Assignment:
Going through the material below, output exactly the lines from the one containing "Casa com 3 quartos e 3 vagas de garagem" through the one containing "Pronájem bytu 2+kk, Praha", and no pictures.

Supplied entries:

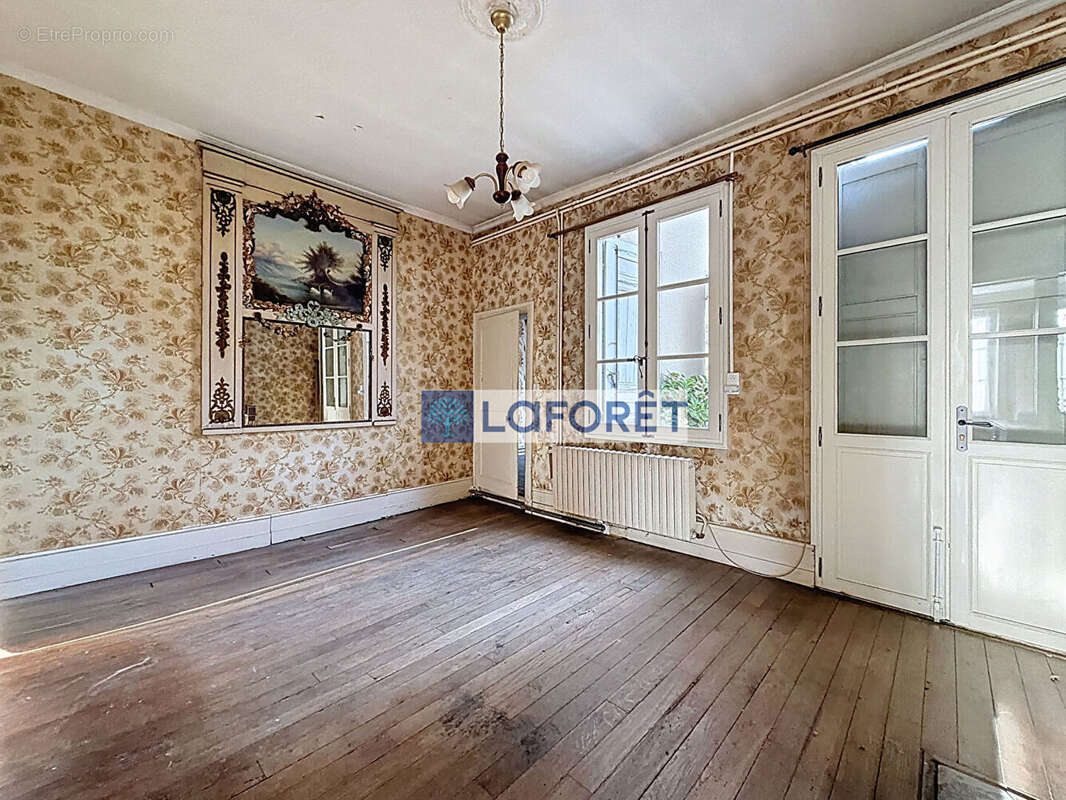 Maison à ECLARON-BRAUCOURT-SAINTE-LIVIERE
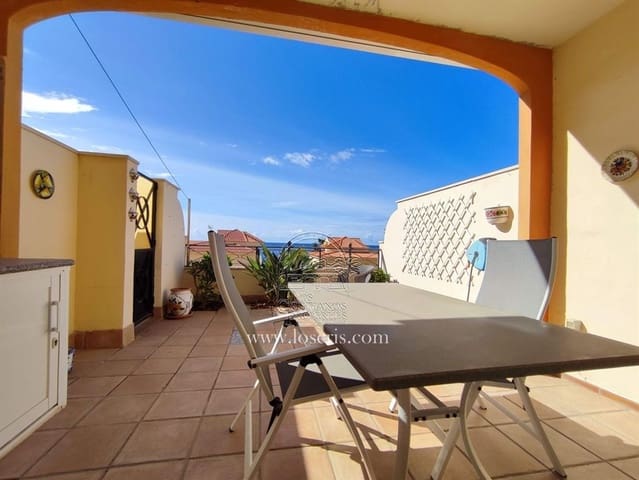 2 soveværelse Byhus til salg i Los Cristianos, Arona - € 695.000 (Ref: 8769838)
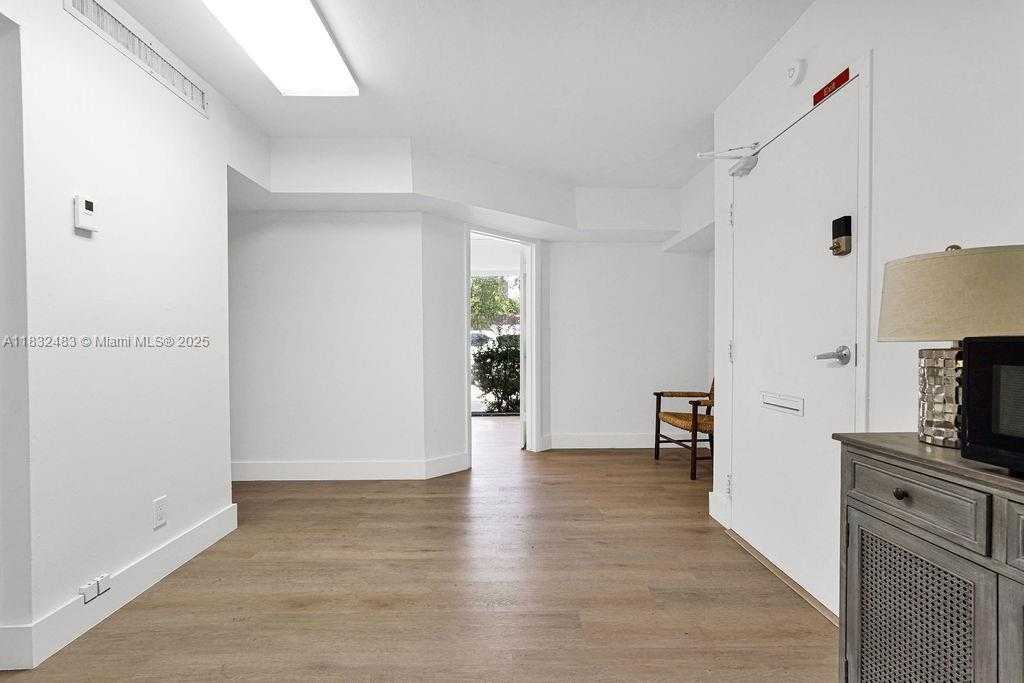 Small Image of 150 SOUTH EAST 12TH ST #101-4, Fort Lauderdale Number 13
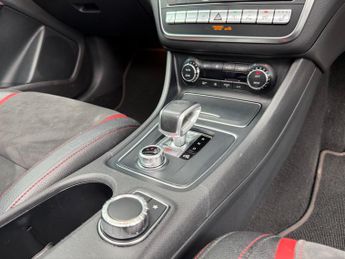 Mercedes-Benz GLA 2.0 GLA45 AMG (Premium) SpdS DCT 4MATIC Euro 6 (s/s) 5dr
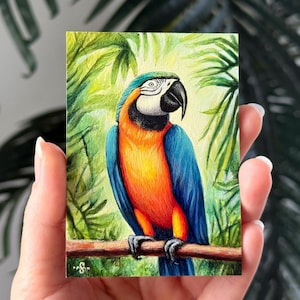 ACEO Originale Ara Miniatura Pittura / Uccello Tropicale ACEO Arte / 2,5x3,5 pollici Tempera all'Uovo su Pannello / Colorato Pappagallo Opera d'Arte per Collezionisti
--
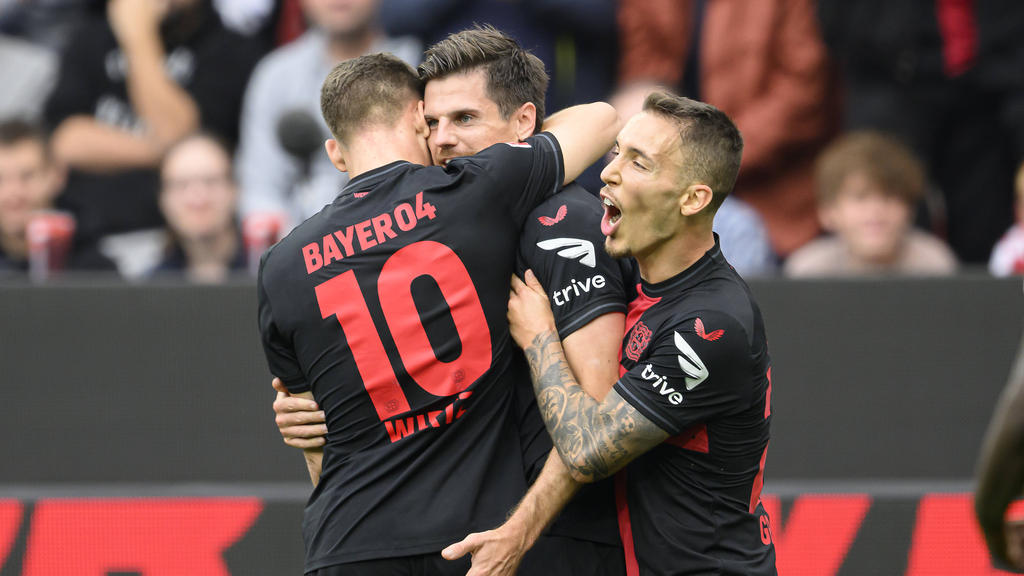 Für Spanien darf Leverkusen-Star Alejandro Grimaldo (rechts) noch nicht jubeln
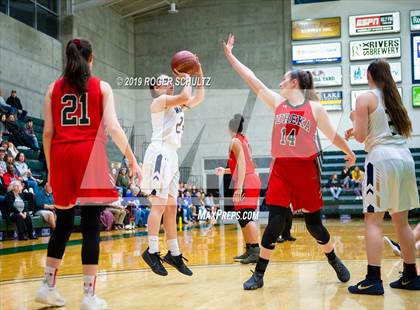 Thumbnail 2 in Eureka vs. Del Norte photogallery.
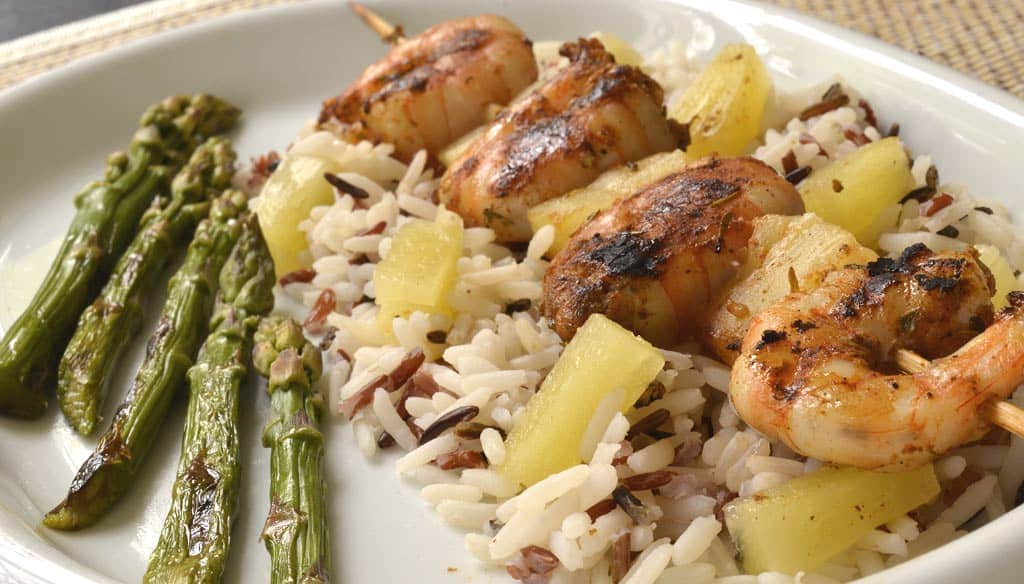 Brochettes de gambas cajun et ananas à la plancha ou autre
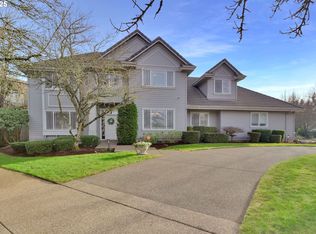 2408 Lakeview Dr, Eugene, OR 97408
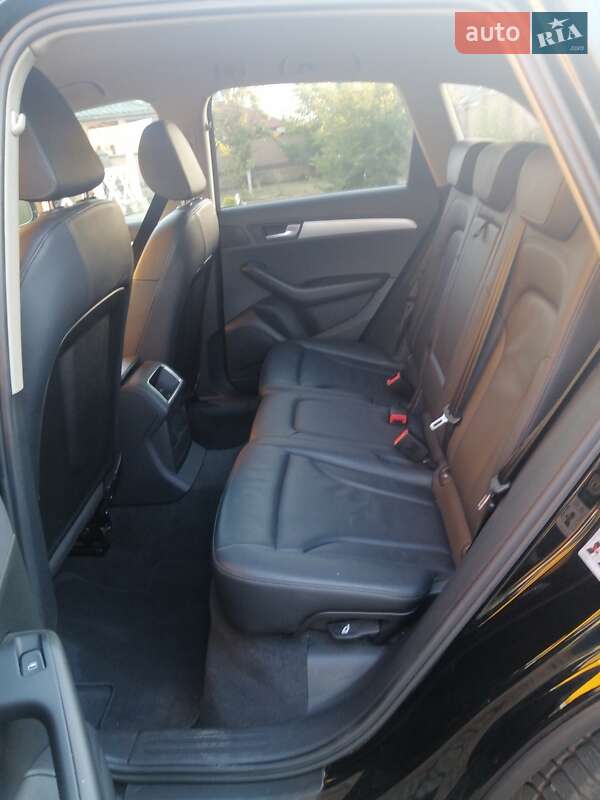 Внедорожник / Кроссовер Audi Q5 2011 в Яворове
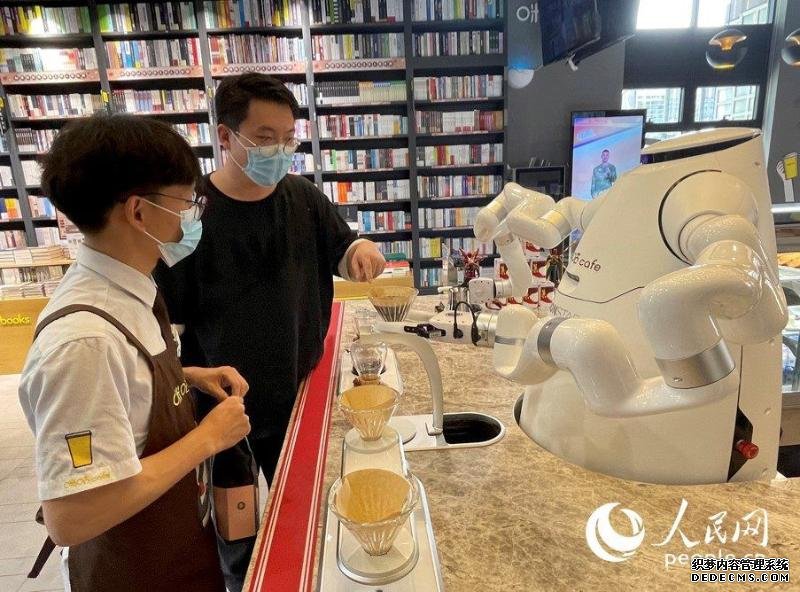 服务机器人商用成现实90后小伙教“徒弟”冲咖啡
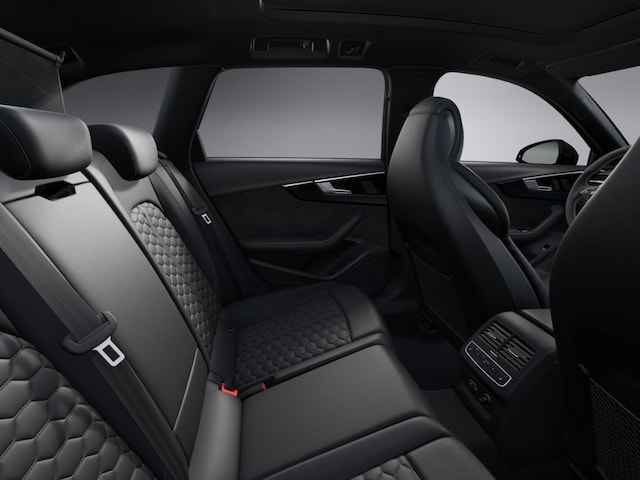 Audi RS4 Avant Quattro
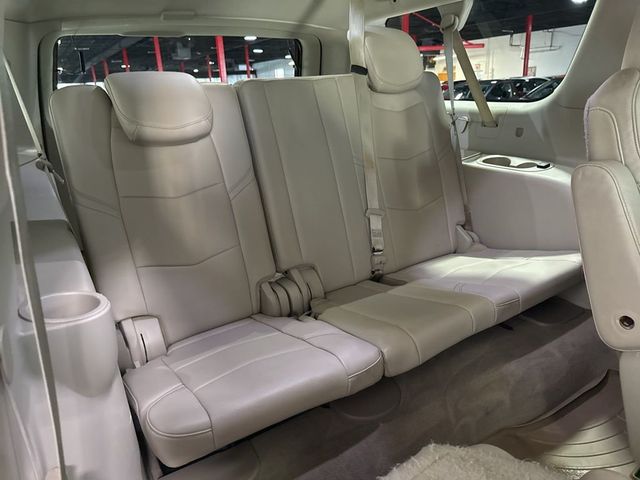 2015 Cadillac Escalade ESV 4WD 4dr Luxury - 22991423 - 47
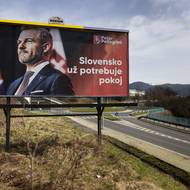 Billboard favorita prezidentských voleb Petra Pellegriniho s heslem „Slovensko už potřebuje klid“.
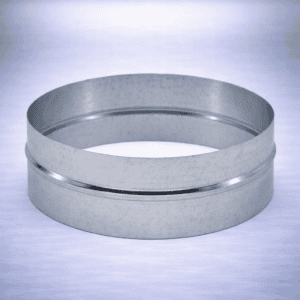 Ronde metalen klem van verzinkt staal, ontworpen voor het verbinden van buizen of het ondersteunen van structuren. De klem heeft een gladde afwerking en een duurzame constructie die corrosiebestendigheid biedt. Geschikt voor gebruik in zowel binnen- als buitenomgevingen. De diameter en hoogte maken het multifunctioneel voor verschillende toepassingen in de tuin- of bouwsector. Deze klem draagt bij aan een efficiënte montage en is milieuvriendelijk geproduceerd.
---
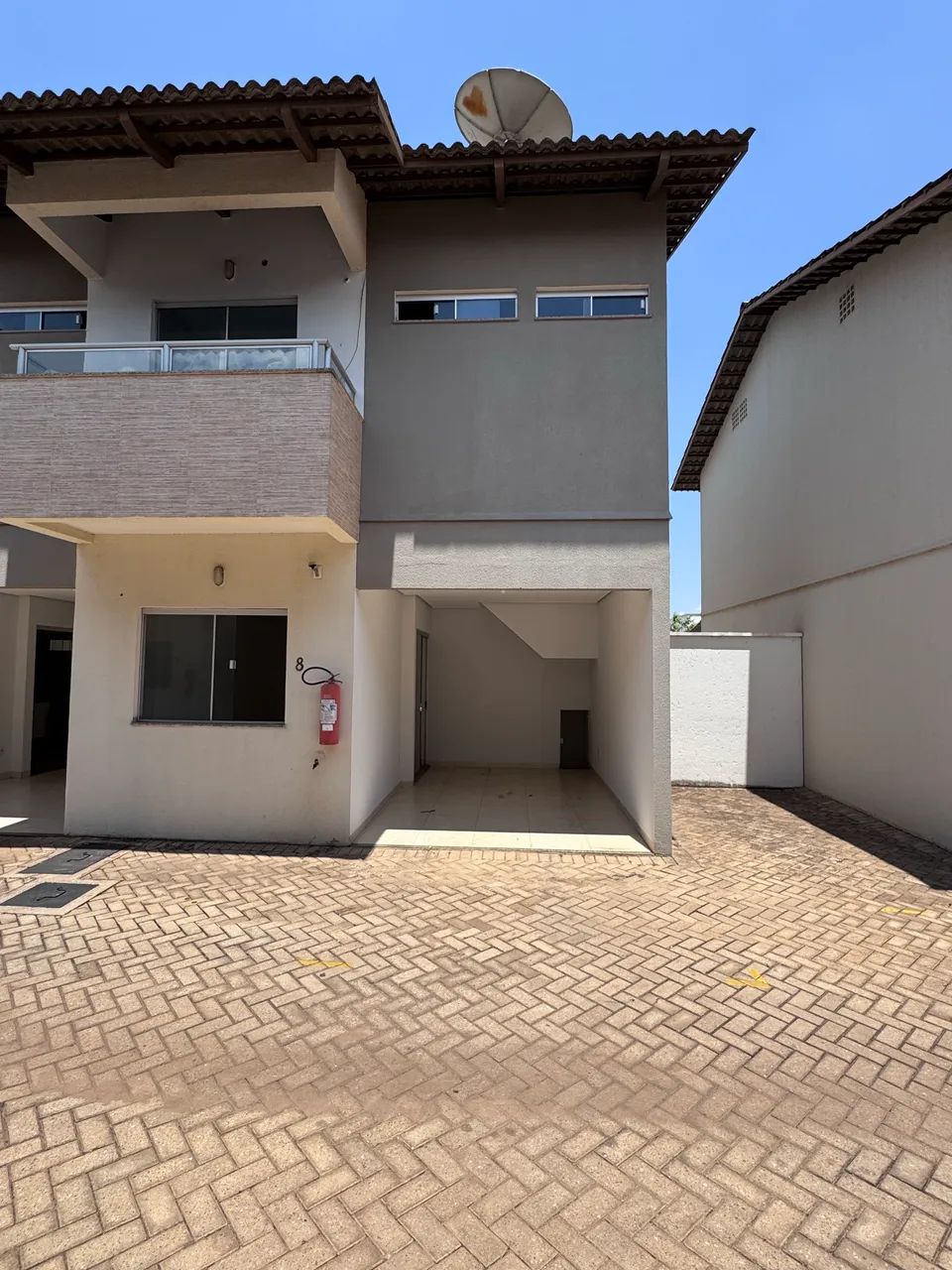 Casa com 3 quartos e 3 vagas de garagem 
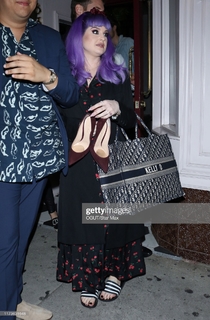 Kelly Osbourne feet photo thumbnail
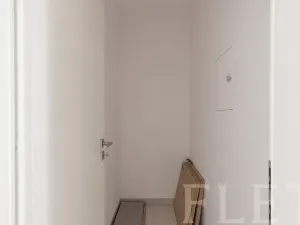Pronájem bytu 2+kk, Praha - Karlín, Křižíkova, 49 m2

The completed task:
 Casa com 3 quartos e 3 vagas de garagem 
 Kelly Osbourne feet photo thumbnail
Pronájem bytu 2+kk, Praha - Karlín, Křižíkova, 49 m2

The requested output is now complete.